President Barack Obama just had another historic first.

He is now the first sitting president to publish a scholarly article, according to Fortune.

In other words, Obama is the nerdiest president in American history.

The report was published in the Journal of the American Medical Association and is about the Affordable Care Act, aka Obamacare. Obama used government data from 1963 to 2016 to analyze the effects of the health care plan.

In a shocking result, Obama found that Obamacare has been overwhelmingly helpful for the American people. Overall, since Obamacare went into effect, the rate of uninsured Americans went from 16 percent in 2010 to 9.1 percent in 2015. Obama writes that this decrease is mostly because of ACA effects.

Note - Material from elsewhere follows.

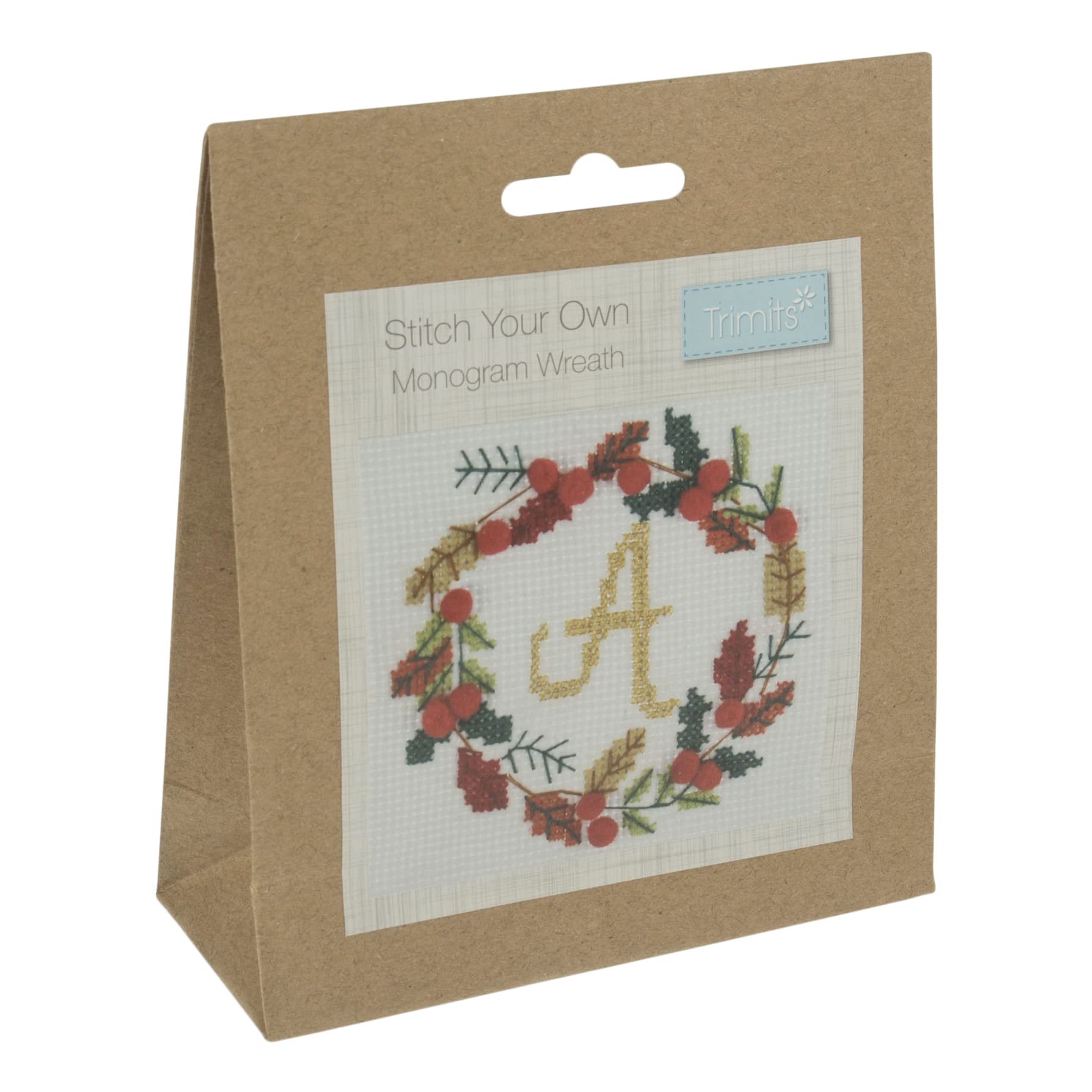 Trimits Wreath Monogram Mini Counted Cross Stitch Kits, 13 X 13Cm (5 X 5In),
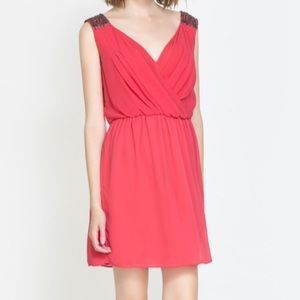 Zara Trafaluc studded shoulder chiffon dress med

Aside from that overall rate, Obama found that the ACA has made more people be able to access health care and decreased the financial costs of getting taken care of.

But, Obama wrote, there is still more room for improvement for whoever the next president ends up being.

First, he said, we're still in the early years of Obamacare and there are still adjustments to be made. Namely, Obama wants the 19 states that have not yet expanded their Medicaid programs to do so.

Obama also wants to see further changes to how payments are made and he wants government programs, like Joe Biden's Cancer Moonshot, to continue looking to cure diseases.

The president wants the future government to provide more education to citizens about the financial help they can get for medical care — and to provide more financial help itself.

Obama also suggested creating a public plan to help decrease costs with more competition.

The president ended his report with one of his classic appeals for more friendliness in the government. He listed a series of "lessons" learned, mostly which amount to "oh my God, you guys, just work together."

Obama wrote,

The first lesson is that any change is difficult, but it is especially difficult in the face of hyperpartisanship.

The article was not peer-reviewed (which sets the standard for an article), but, Fusion reports, it had two months of fact-checking and revisions.

JAMA editor-in-chief Howard Bauchner told Bloomberg,

While we of course recognized the author is the president of the United States, JAMA has enormously high standards and we certainly expected the president to meet those standards.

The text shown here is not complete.